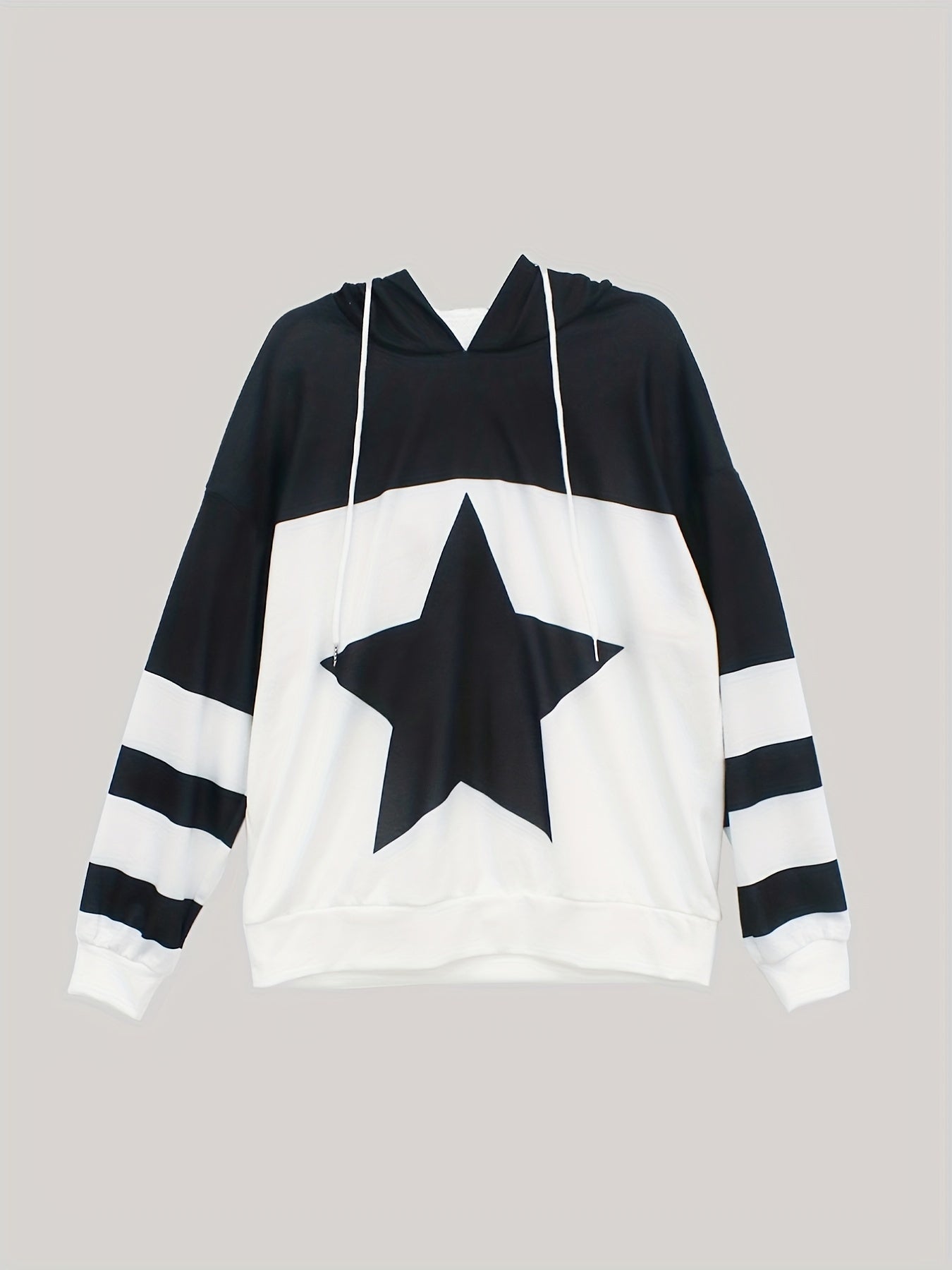 Star Print Color Block Hoodie, Casual Long Sleeve Drawstring Hoodies Sweatshirt, Women's Clothing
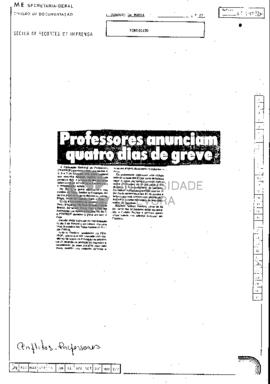 Professores anunciam quatro dias de greve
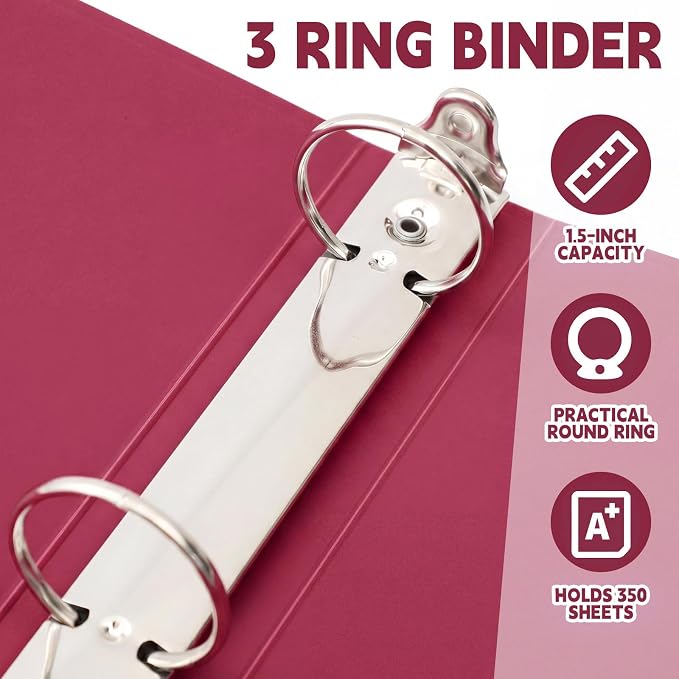 Henoyso 1 Inch 3 Ring Colored Binders Soft Flexible, 8.5'' x 11'' Plastic Floppy Binders Bendable with 2 Pockets, Colorful Binder Bulk for School Office Business ，12 Pack (Assorted Classic Color)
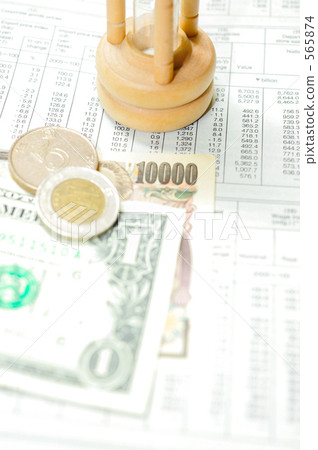 Timing is important (dollar bill, bill, coin, hourglass and English newspaper) 565874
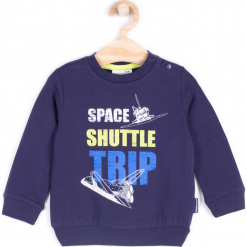 Koszulka. Niebieskie t-shirty chłopięce z długim rękawem SPACE, z aplikacjami, z bawełny. Za 24,90 zł.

**Task directions:**
Your reply should hold only the lines running from the one with "Professores anunciam quatro dias de greve" to the end of the data above, set down exactly, pictures omitted.

**Result below:**
 Professores anunciam quatro dias de greve
 Henoyso 1 Inch 3 Ring Colored Binders Soft Flexible, 8.5'' x 11'' Plastic Floppy Binders Bendable with 2 Pockets, Colorful Binder Bulk for School Office Business ，12 Pack (Assorted Classic Color)
 Timing is important (dollar bill, bill, coin, hourglass and English newspaper) 565874
 Koszulka. Niebieskie t-shirty chłopięce z długim rękawem SPACE, z aplikacjami, z bawełny. Za 24,90 zł.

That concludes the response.